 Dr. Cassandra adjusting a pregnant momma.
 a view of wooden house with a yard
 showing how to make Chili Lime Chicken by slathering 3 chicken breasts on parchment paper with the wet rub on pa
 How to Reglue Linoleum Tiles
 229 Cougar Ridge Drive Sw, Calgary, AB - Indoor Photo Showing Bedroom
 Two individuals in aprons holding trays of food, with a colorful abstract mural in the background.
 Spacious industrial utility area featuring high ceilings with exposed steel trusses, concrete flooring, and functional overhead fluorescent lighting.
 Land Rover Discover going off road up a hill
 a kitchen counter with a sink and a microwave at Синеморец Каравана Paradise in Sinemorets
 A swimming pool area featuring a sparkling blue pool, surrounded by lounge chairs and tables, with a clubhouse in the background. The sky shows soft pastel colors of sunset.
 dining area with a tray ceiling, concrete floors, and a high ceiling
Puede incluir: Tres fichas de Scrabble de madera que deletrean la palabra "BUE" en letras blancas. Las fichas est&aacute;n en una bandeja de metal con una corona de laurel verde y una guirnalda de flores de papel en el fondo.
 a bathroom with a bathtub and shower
**********
For every line of the listing, produce an identical copy.

 Dr. Cassandra adjusting a pregnant momma.
 a view of wooden house with a yard
 showing how to make Chili Lime Chicken by slathering 3 chicken breasts on parchment paper with the wet rub on pa
 How to Reglue Linoleum Tiles
 229 Cougar Ridge Drive Sw, Calgary, AB - Indoor Photo Showing Bedroom
 Two individuals in aprons holding trays of food, with a colorful abstract mural in the background.
 Spacious industrial utility area featuring high ceilings with exposed steel trusses, concrete flooring, and functional overhead fluorescent lighting.
 Land Rover Discover going off road up a hill
 a kitchen counter with a sink and a microwave at Синеморец Каравана Paradise in Sinemorets
 A swimming pool area featuring a sparkling blue pool, surrounded by lounge chairs and tables, with a clubhouse in the background. The sky shows soft pastel colors of sunset.
 dining area with a tray ceiling, concrete floors, and a high ceiling
Puede incluir: Tres fichas de Scrabble de madera que deletrean la palabra "BUE" en letras blancas. Las fichas est&aacute;n en una bandeja de metal con una corona de laurel verde y una guirnalda de flores de papel en el fondo.
 a bathroom with a bathtub and shower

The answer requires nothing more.